Muito embora o investimento em franquias seja uma opção em geral segura e com ótimas chances de sucesso, é possível que investidores apostem em um negócio sem ter a quantidade de informação necessária para conduzir uma franquia para o estágio de crescimento esperado. Nesse sentido, vem sendo discutido no Senado Federal o Projeto de Lei da Câmara 219/2015, oriundo do Projeto de Lei 4386/2012.
A nova regulamentação que está em discussão exige mais detalhes em relação à Circular de Oferta de Franquia, como a exclusão da hipótese de vínculo empregatício ou consumerista da relação franqueado-franqueador, por exemplo. Ela também exige que o franqueador seja o titular, requerente ou expressamente autorizado pelo titular da Propriedade Intelectual negociada no contrato de franquia. O Projeto também propõe, dentre outras medidas, que se amplie de 12 para 24 meses o período pelo qual o franqueador deverá indicar os franqueados desligados.

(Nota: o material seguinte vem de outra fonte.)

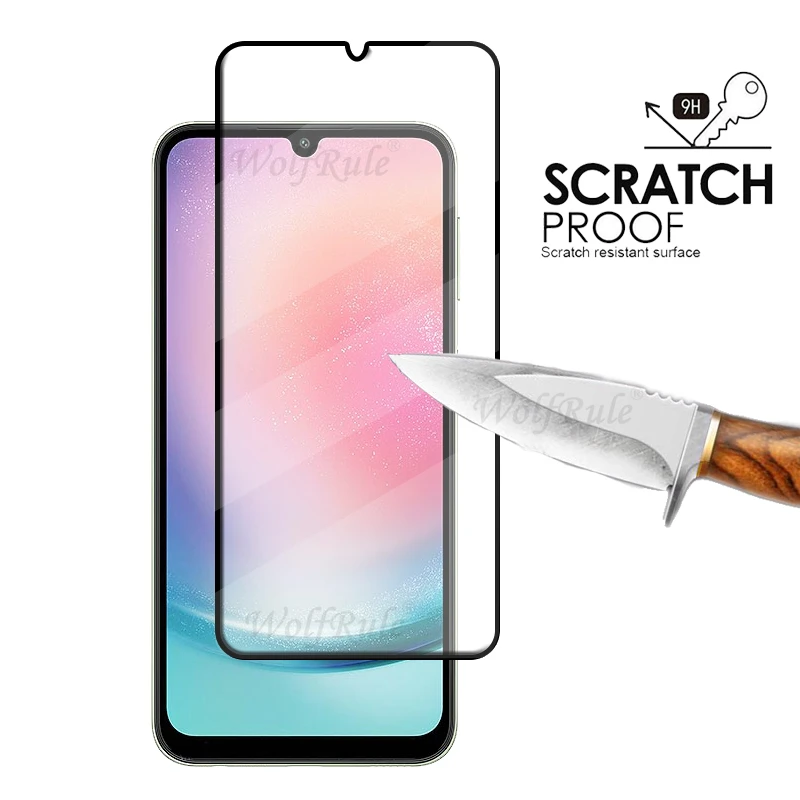 2-in-1 For Samsung Galaxy A24 Glass Samsung A24 Glass Screen Protetor Samsung A22S A12 A13 A14 A04S A34 A23 A22 A24 Lens Glass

Em paralelo às mudanças na COF, a medida passa a permitir o uso do mecanismo da franquia empresarial por Empresas Públicas, além de autorizar o uso de cláusula arbitral como meio de resolução de conflitos e regulamentar o uso de sublocação quando incluída no contrato de franquia. O Projeto também prevê que nos casos de contratos internacionais de franquia haja a possibilidade de cláusula de eleição de foro pelas partes. Sobre isso é importante notar que a proposta se atenta apenas à escolha de foro e não fala nada sobre a escolha da lei aplicável. Nesse caso, ou o legislador crê que o contrato de franquia exija forma essencial
[3], muito embora a medida discutida não fale nem mesmo sobre registro ao contrário da atual Lei em vigor, ou estamos diante de uma confusão entre Foro e Lei Aplicável, que são institutos jurídicos distintos e que podem ser alterados em contrato
[4], mesmo que o Projeto tenha se referido apenas sobre essa possibilidade em relação ao primeiro.
Com relação ao uso da franquia empresarial por Empresas Públicas, o Projeto buscou se adequar ao que determina a Lei nº 8.666/1993 para a realização de licitações para a escolha dos franqueados. A ausência dessa adequação foi determinante para o arquivamento do PL 3234/2012, que também discutia o tema. Agora a janela de discussão está aberta no Senado em uma nova oportunidade para o debate do tema tanto pelo Congresso como também pelo Mercado e a Sociedade.
________
[1] Disclosure Requirements and Prohibitions Concerning Franchising & Disclosure Requirements Concerning Business Opportunities – 16 CFR Parts 436 and 437
[2] Até o ano de 2011 os seguintes estados americanos contavam com regras específicas no tema: Alaska, Arkansas, California, Connecticut, Delaware, Hawaii, Idaho, Illinois, Indiana, Iowa, Maryland, Michigan, Minnesota, Mississippi, Nebraska, New Jersey, North Dakota, Rhode Island, South Dakota, Virginia, Washington e Wisconsin
[3] Lei de Introdução às normas do Direito Brasileiro.
Art. 9º. Para qualificar e reger as obrigações, aplicar-se-á a lei do país em que se constituírem.
- 1o Destinando-se a obrigação a ser executada no Brasil e dependendo de forma essencial, será esta observada, admitidas as peculiaridades da lei estrangeira quanto aos requisitos extrínsecos do ato.
[4] DOLINGER, Jacob. Direito Internacional Privado (Parte Geral). Rio de Janeiro: Renovar, 2011. pp. 330 e s.